Monday, June 22, 2009
Favela Addendum
To follow up a bit on Harmony's last post, we are not attempting to aestheticize, or to offer sober, moral correctives on discourses of global ghettos.
We are simply trying to articulate an ongoing series of questions: what do slums and favelas make and allow us to dream, and what are the relations of those dreams to collective and individual desire? What does the incredibly intense nature of hyperurban formations do to the production of peoples, both those that exist and those yet to come? How can we think slumjectivities in ways that are not entirely predicated on ideas about resistance and bare life? In a way that doesn't try to posit slums on some 'outside,' outside of capitalism or economy, but that traces all the microeconomies that rise, ivy-like, around the cracks.
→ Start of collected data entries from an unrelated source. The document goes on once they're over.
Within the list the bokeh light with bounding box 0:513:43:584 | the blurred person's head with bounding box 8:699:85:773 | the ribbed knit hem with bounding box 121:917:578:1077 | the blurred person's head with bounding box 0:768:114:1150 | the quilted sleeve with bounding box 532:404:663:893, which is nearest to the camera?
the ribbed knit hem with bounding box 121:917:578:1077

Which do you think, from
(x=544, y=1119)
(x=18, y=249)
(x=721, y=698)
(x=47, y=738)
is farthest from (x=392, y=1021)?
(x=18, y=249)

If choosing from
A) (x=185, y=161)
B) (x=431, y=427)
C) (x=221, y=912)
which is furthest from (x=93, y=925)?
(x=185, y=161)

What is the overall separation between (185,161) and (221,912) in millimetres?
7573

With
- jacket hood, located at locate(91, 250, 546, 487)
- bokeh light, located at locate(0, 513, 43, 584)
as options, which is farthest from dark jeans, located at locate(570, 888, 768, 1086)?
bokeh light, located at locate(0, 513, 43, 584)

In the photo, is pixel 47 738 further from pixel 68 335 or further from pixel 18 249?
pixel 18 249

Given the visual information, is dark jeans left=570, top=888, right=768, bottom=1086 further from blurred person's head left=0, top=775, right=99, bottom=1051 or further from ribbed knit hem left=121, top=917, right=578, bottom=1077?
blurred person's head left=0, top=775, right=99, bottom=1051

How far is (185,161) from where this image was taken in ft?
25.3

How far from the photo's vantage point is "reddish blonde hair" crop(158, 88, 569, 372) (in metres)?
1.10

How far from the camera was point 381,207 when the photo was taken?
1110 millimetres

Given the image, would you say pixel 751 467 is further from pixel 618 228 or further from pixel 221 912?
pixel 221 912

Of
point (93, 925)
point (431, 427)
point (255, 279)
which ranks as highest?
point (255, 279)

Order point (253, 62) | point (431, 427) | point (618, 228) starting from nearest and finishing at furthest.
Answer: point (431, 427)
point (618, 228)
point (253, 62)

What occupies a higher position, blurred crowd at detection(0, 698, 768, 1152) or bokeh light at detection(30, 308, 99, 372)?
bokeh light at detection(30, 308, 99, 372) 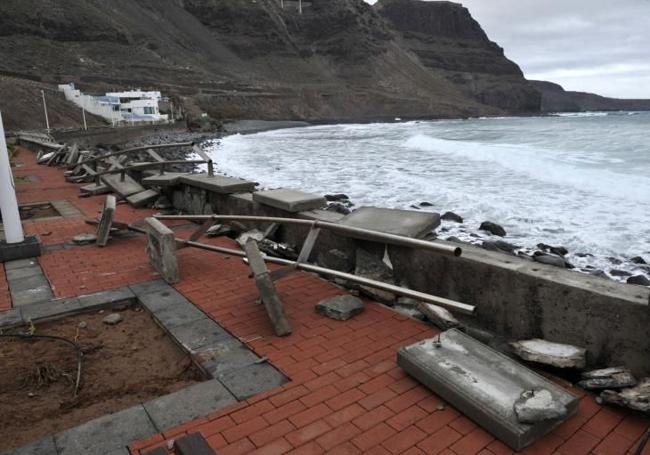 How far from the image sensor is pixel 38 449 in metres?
2.77

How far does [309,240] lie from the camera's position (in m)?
4.95

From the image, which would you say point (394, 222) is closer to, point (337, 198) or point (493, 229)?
point (493, 229)

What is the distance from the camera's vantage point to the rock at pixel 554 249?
29.2 feet

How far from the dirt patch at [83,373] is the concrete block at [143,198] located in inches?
195

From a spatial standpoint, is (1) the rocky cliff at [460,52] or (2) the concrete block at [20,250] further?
(1) the rocky cliff at [460,52]

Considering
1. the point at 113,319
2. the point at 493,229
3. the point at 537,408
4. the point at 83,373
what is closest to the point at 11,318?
the point at 113,319

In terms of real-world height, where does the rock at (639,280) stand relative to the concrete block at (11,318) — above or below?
below

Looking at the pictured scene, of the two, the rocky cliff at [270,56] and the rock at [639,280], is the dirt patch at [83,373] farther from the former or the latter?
the rocky cliff at [270,56]

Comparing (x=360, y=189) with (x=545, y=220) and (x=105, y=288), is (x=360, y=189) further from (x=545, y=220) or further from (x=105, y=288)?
(x=105, y=288)

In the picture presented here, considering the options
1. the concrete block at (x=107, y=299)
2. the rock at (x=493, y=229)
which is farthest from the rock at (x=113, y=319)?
Result: the rock at (x=493, y=229)

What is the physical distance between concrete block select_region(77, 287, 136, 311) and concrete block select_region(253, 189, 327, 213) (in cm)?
191

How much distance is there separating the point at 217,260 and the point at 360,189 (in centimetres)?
1053

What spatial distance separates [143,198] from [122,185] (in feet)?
4.63

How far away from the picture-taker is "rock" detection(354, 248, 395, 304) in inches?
185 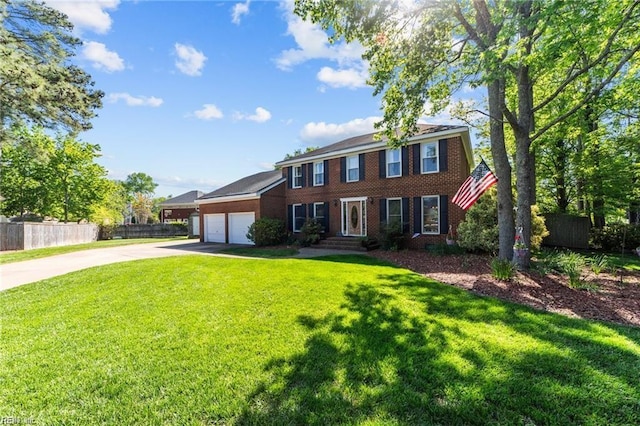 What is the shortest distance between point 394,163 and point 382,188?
1.37 m

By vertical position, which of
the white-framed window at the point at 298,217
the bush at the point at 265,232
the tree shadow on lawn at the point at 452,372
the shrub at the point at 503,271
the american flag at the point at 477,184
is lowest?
the tree shadow on lawn at the point at 452,372

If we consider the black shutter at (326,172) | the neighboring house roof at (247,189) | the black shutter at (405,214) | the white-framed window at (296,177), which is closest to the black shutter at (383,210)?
the black shutter at (405,214)

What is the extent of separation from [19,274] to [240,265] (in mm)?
6660

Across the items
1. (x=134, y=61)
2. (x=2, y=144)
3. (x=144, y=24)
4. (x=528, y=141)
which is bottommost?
(x=528, y=141)

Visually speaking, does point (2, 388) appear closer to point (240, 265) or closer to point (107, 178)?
point (240, 265)

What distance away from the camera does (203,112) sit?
14.0m

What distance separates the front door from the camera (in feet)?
51.2

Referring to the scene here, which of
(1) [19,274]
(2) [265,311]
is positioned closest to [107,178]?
(1) [19,274]

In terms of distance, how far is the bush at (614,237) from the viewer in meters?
13.8

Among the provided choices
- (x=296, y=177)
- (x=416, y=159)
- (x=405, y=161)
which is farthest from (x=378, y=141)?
(x=296, y=177)

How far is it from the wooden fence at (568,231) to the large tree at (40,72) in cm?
2110

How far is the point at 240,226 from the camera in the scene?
1936cm

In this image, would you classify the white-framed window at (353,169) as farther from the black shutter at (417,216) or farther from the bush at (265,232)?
the bush at (265,232)

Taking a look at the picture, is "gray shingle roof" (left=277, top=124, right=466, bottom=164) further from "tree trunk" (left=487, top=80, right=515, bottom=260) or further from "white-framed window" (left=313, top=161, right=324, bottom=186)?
"tree trunk" (left=487, top=80, right=515, bottom=260) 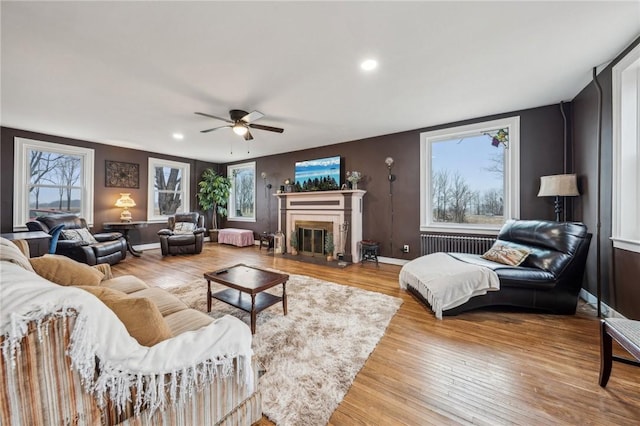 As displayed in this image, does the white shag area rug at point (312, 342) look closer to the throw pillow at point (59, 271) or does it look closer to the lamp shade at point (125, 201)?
the throw pillow at point (59, 271)

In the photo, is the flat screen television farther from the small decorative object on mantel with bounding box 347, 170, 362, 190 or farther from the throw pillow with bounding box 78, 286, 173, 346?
the throw pillow with bounding box 78, 286, 173, 346

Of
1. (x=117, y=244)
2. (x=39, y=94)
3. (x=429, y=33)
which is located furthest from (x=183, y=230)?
(x=429, y=33)

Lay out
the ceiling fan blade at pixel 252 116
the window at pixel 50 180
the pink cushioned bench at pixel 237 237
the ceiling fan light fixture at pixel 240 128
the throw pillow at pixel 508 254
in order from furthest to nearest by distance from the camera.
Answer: the pink cushioned bench at pixel 237 237
the window at pixel 50 180
the ceiling fan light fixture at pixel 240 128
the ceiling fan blade at pixel 252 116
the throw pillow at pixel 508 254

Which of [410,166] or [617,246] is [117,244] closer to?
[410,166]

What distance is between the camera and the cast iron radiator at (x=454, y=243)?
3.84m

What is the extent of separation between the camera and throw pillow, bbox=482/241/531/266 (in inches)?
110

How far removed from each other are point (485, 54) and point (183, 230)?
20.5 ft

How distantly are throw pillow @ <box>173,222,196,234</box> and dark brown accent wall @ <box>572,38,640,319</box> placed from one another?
6890 millimetres

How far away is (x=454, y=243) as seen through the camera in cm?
408

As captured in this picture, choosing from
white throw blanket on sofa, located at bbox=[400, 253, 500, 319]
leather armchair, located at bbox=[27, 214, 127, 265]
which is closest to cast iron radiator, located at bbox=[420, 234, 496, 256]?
white throw blanket on sofa, located at bbox=[400, 253, 500, 319]

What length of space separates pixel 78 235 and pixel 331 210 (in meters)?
4.60

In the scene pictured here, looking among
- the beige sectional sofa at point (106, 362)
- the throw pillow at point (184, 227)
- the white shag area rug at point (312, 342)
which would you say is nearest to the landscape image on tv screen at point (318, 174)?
the white shag area rug at point (312, 342)

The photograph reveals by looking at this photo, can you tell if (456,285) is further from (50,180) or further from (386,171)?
(50,180)

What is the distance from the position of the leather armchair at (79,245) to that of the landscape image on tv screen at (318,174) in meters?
3.76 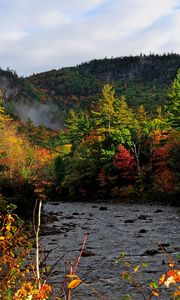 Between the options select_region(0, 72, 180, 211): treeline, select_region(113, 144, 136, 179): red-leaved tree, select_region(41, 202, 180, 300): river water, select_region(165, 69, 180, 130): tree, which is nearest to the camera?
select_region(41, 202, 180, 300): river water

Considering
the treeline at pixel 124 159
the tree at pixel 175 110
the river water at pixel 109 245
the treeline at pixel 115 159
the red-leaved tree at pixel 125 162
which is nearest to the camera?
the river water at pixel 109 245

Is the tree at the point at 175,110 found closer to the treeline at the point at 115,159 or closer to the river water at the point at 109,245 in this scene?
the treeline at the point at 115,159

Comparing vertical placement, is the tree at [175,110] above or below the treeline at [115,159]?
above

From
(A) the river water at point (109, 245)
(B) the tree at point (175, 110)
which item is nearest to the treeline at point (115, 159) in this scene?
(B) the tree at point (175, 110)

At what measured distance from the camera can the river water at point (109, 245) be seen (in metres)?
13.3

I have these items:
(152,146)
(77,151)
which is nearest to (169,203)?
(152,146)

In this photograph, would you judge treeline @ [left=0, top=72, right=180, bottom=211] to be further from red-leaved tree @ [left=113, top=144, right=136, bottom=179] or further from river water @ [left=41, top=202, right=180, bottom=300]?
river water @ [left=41, top=202, right=180, bottom=300]

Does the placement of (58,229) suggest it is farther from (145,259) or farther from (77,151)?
(77,151)

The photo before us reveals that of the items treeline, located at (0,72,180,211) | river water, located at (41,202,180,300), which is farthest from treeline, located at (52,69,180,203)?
river water, located at (41,202,180,300)

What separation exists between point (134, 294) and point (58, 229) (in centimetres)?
1587

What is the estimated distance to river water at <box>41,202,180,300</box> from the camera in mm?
13273

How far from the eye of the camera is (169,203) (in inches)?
1720

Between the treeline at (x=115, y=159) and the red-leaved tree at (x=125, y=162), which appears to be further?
the red-leaved tree at (x=125, y=162)

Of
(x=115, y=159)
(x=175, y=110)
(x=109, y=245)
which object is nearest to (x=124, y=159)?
(x=115, y=159) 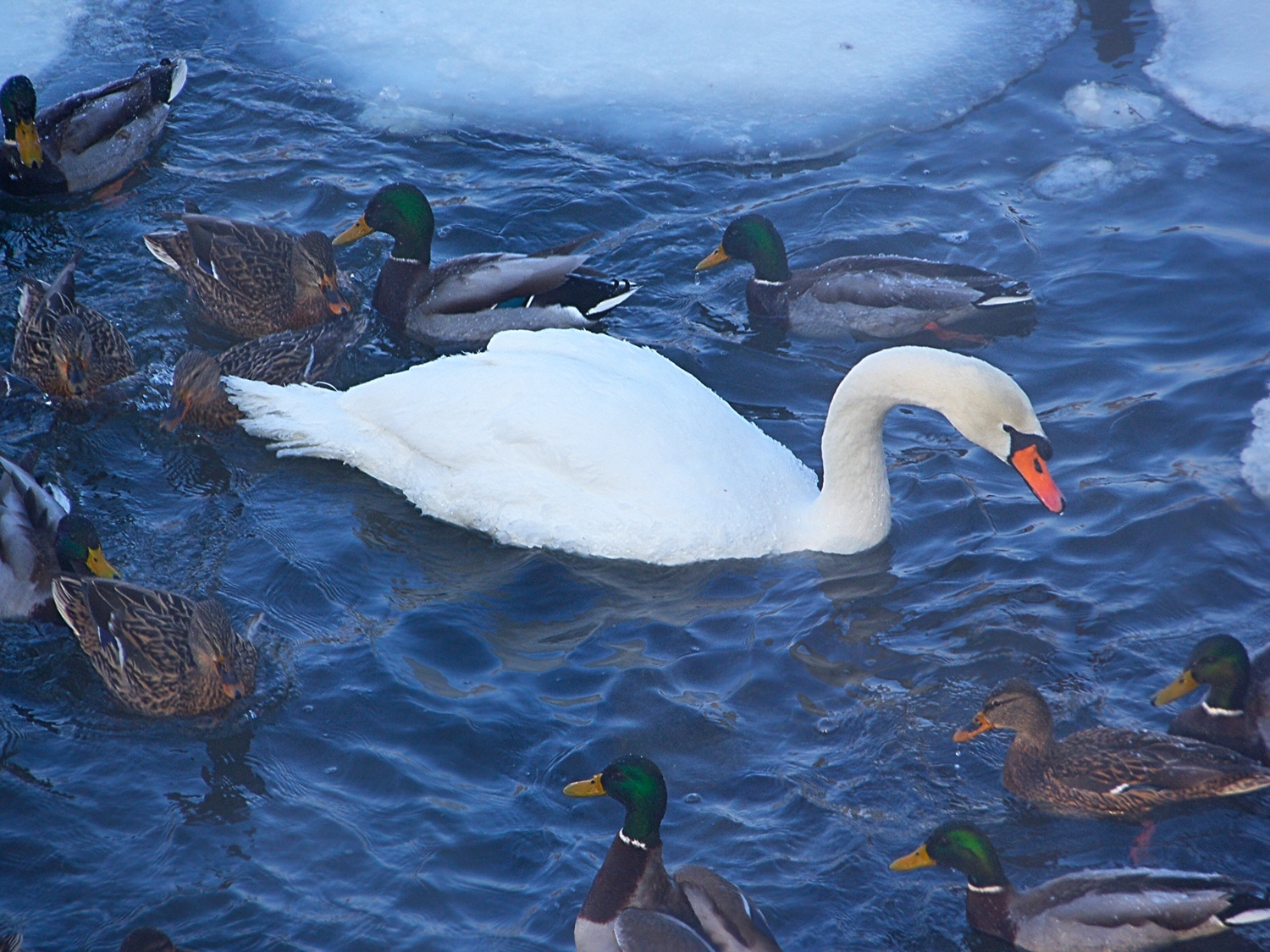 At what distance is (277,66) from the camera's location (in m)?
10.8

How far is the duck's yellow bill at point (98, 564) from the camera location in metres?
5.96

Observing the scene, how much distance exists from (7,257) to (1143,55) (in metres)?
8.59

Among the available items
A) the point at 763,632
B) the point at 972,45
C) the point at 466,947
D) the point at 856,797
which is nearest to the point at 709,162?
the point at 972,45

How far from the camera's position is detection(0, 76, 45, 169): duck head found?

What is the subjectivity not just of the people that inhabit slums, but of the slums themselves? How do they speak?
It appears possible to us that the ruinious and intricate materialities of slums resonate across time and memory with other sorts of ruins (and possibly that ruins are the slums of a future collapsed on the present), the ruins of social and political movements which populate the margins of history. We are constantly asking, what can be recovered? What possibilities and affinities are made available again?
We are asking: without succumbing to otherness, to slum chic, what kind of living archive of the possible are slums and favelas currently forming?